オレの心ごと、全てを鷲掴んでしまうんだね。






(あの時の、夢かな…)


オレが未練たらしく、元恋人と住んでたこの部屋を訪れた、あの日。


アイツはもうとっくに引っ越してて…

代わりに、智久さんがいた。



優しかった。赤の他人の…しかも男同士の恋愛話にも、ちゃんと向き合って聞いてくれた。

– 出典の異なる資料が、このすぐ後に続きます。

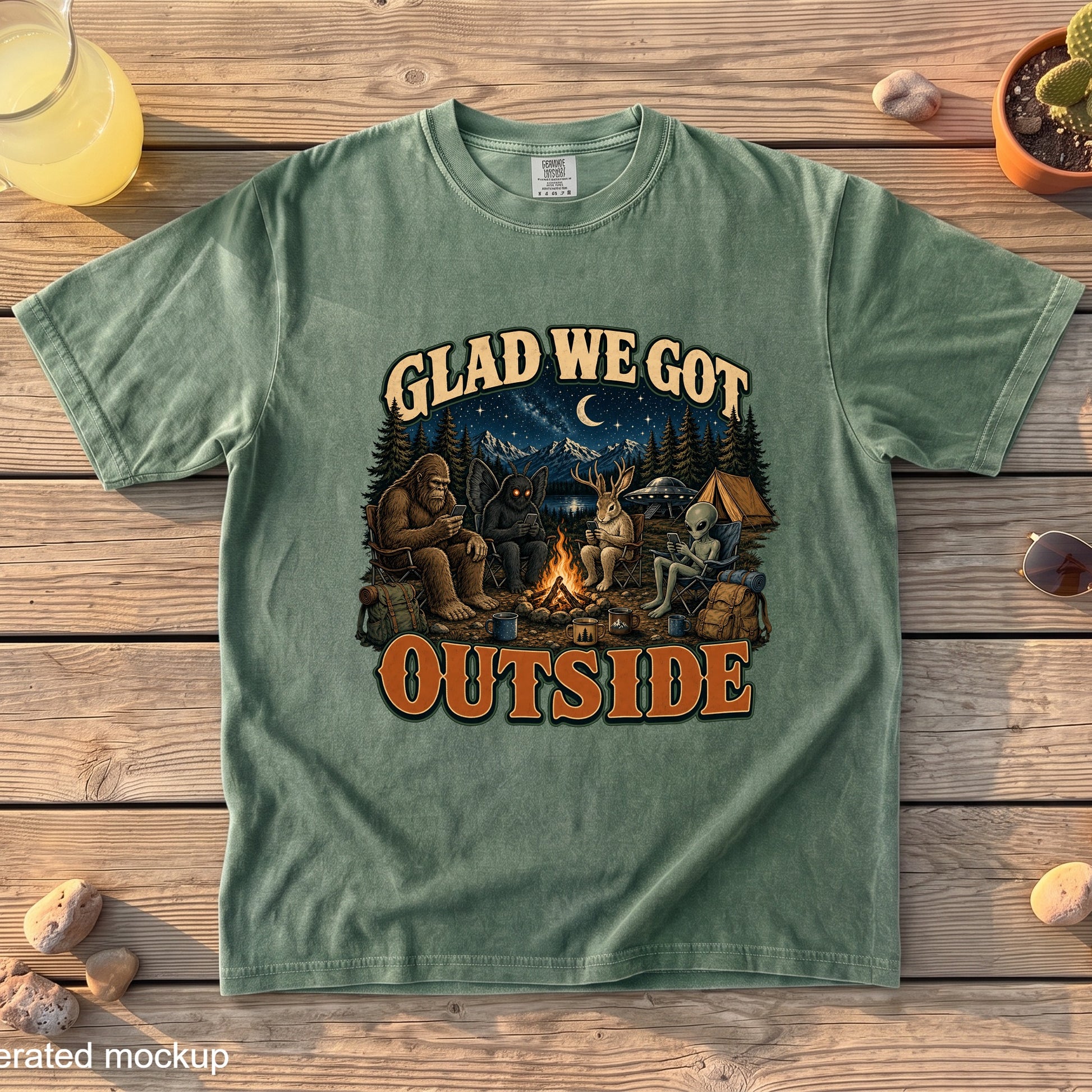 Green t-shirt with Bigfoot, mothman, rabbit, and alien camping and looking at phones.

下手な慰めはせず、黙って今みたいに抱き締めてくれたっけ…。







(ムリだよ…)


泣くな、だなんて…智久さんの所為なんだからさ?


好きな人に、こんな甘やかされ方されたら。

誰だって、期待しちゃうじゃんか…






(オレを見てよ…)


ヘタな女の子よか、美味いご飯作るし。

掃除洗濯、何でも器用にこなしちゃうよ?


なんだったら夜の方だって…。


まあ、最終的にはナニをお尻に突っ込んじゃうワケだけど。フェラでも何でも、気持ち良くさせられる自信だって、あんだからさ…。






(こんな完璧なの、いないっしょ…)


男だけどさ、だから苦労してんだけどさ。

オレだって、元からゲイだったワケじゃなかったし…。


男を好きになるなんて、アイツだけだと思ってたけども。まさか二度目の恋も、こんな形で男の人相手に迎えるだなんて…


自分でも、思いもよらなかったよ。







(でも、好きなんだもんなぁ…)



もうオレ、ホモでいいや。

智久さんみたいに魅力的な人だったらさ。





「好きだよ…智さん…」


いつか奇跡でも起こって叶えばと、願いを込めて愛を囁く。


それは本人が寝てる時だけの、儚い独り言…

だったんだけど。






「………も、だよ…」


「え…?」



まさかねって…智久さんは眠っていたから。

あり得ないんだけどさ。





(その夢が、本物なら良いのにね…)



一時の偶然に、自ら振り回されつつも。

オレは仮初めに浸りながら、智久さんの腕の中で眠りに落ちていった。